Des manifestants se rassemblent ce jeudi 20 mars au soir dans la capitale économique turque pour le deuxième jour consécutif après l’arrestation du maire d’opposition, Ekrem Imamoglu, également rival d’Erdogan pour la présidentielle 2028.

Pour le deuxième soir d’affilée, une foule de plusieurs milliers de manifestants a afflué ce jeudi 20 mars devant le siège de la municipalité d’Istanbul en soutien au maire d’opposition (CHP), Ekrem Imamoglu. Poursuivi pour «corruption» et «terrorisme», ce dernier a exhorté la nation et les juges à réagir au lendemain de son arrestation. «J’en appelle aux membres du pouvoir judiciaire […]. Vous devez agir et vous occuper de cette poignée de collègues qui ternissent notre système judiciaire», a écrit l’édile dans un message relayé par ses avocats sur X. «Vous ne pouvez pas et ne devez pas vous taire», a insisté le principal opposant au président Erdogan.

Jeudi soir, la police turque a fait usage de balles en caoutchouc et de gaz lacrymogène en direction du rassemblement. Selon les correspondants de l’AFP, les policiers ont ainsi voulu bloquer un groupe de jeunes manifestants qui tentaient de se diriger vers la place Taksim.

Dans l’après-midi, des manifestants, majoritairement étudiants des universités de la ville, avaient déjà convergé vers l’hôtel de ville d’Istanbul où le parti du maire, le CHP (Parti républicain du peuple, social-démocrate), avait invité à un nouveau rassemblement en soirée.
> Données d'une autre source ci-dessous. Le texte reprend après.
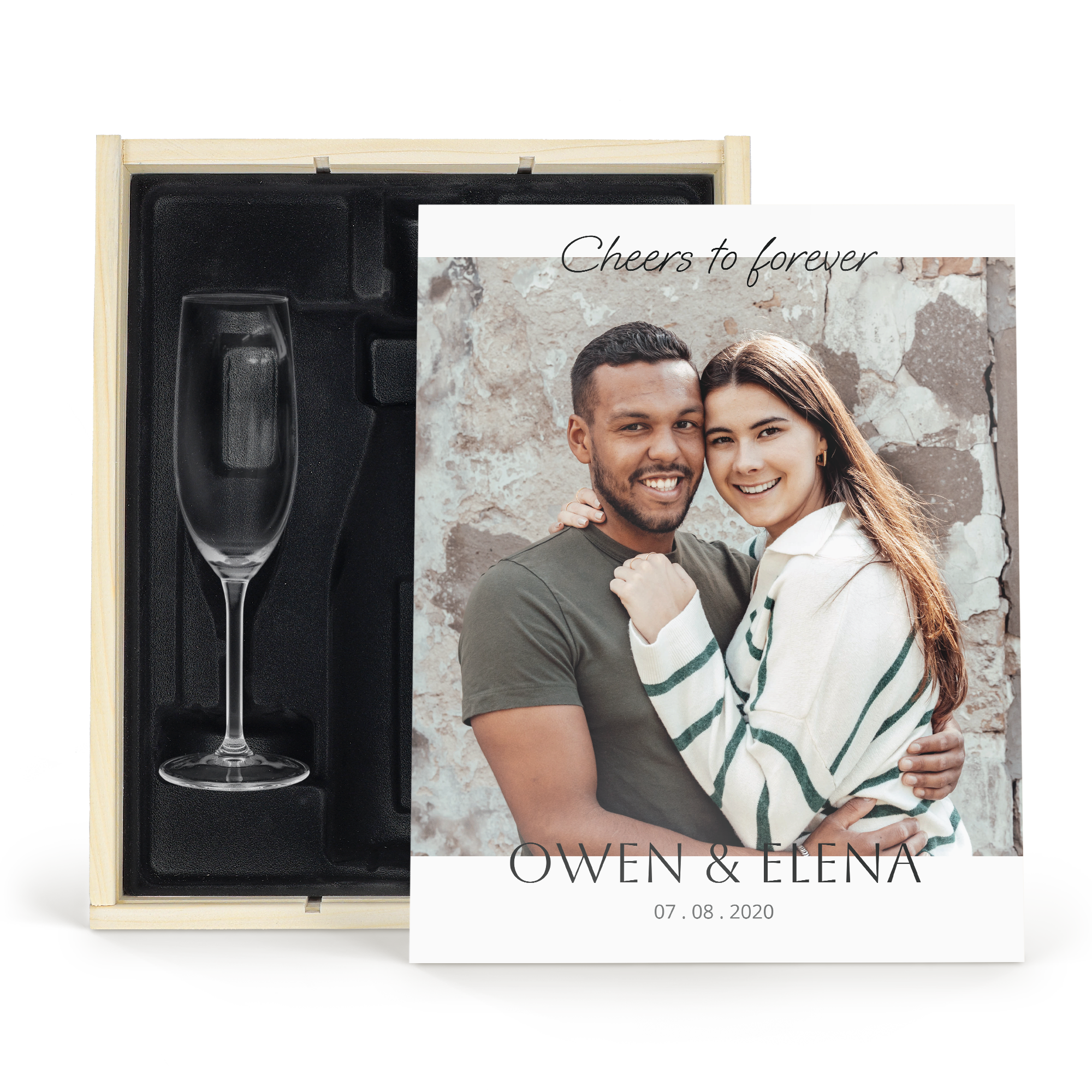 Wooden champagne case with two flutes, featuring a printed photo of a couple with "OWEN & ELENA 07.08.2020" and "Cheers to forever"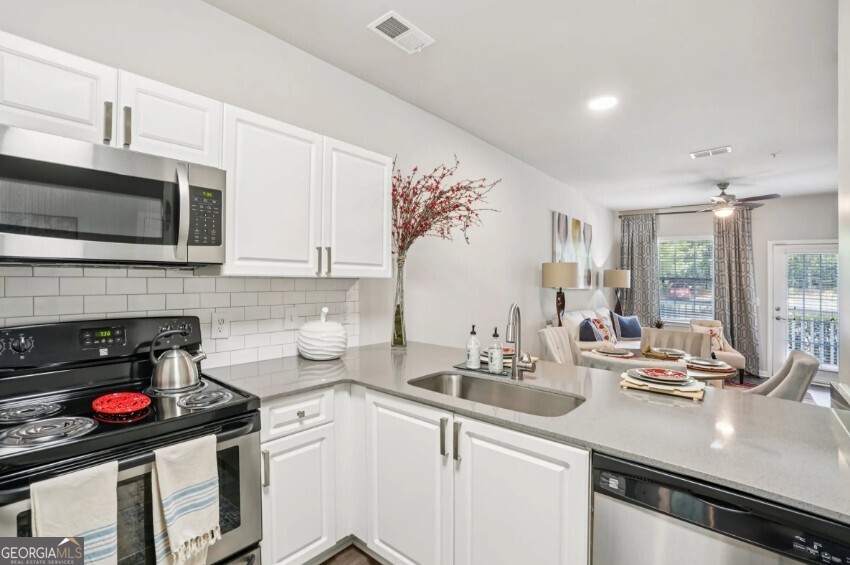 405 Phillip Boulevard # 223 Property Photo 3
L’édile de la plus grande ville et capitale économique de la Turquie devait être intronisé dimanche candidat à la présidentielle 2028 de son parti, qui est la première force d’opposition. Dès mardi, l’annulation de son diplôme universitaire entravait son droit à briguer la présidence. «En tant que nation, nous devons rester unis contre ce mal», a écrit sur X le maire d’Istanbul, dont le parti dénonce un «coup d’Etat».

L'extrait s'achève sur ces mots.